-- Supplied data follows --

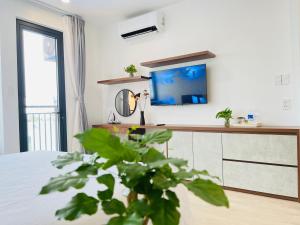 1 dormitorio con espejo y TV en la pared en Amanda Boutique -Serviced Apartment - Hotel Bình Dương en Thu Dau Mot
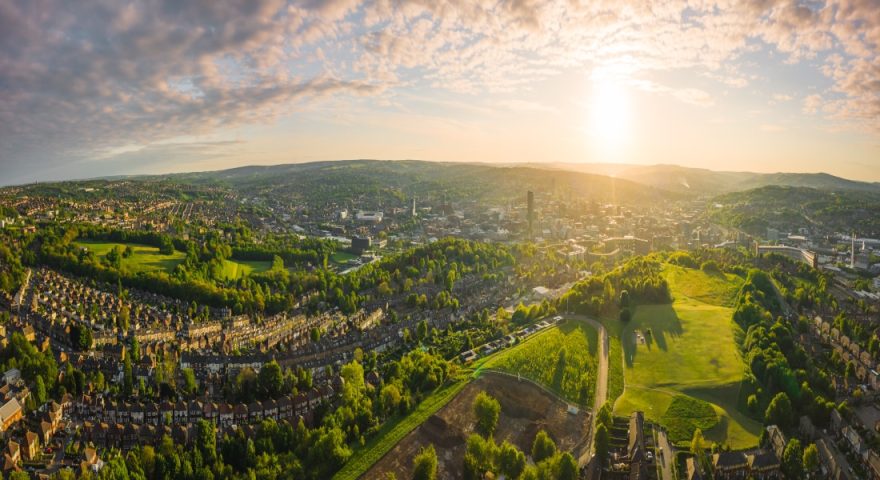 Aerial Panorama of Sheffield City at Sunset with the rolling hills in the background.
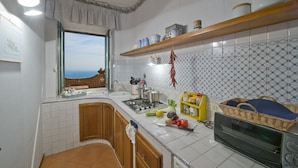 Uma cozinha com paredes revestidas de azulejos brancos, uma janela com vista, armários de madeira, fogão e micro-ondas.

-- Supplied data concluded --

Instructions to follow:
Repeat the whole listing above word for word, but keep any picture out of it.

Result below:
 1 dormitorio con espejo y TV en la pared en Amanda Boutique -Serviced Apartment - Hotel Bình Dương en Thu Dau Mot
 Aerial Panorama of Sheffield City at Sunset with the rolling hills in the background.
 Uma cozinha com paredes revestidas de azulejos brancos, uma janela com vista, armários de madeira, fogão e micro-ondas.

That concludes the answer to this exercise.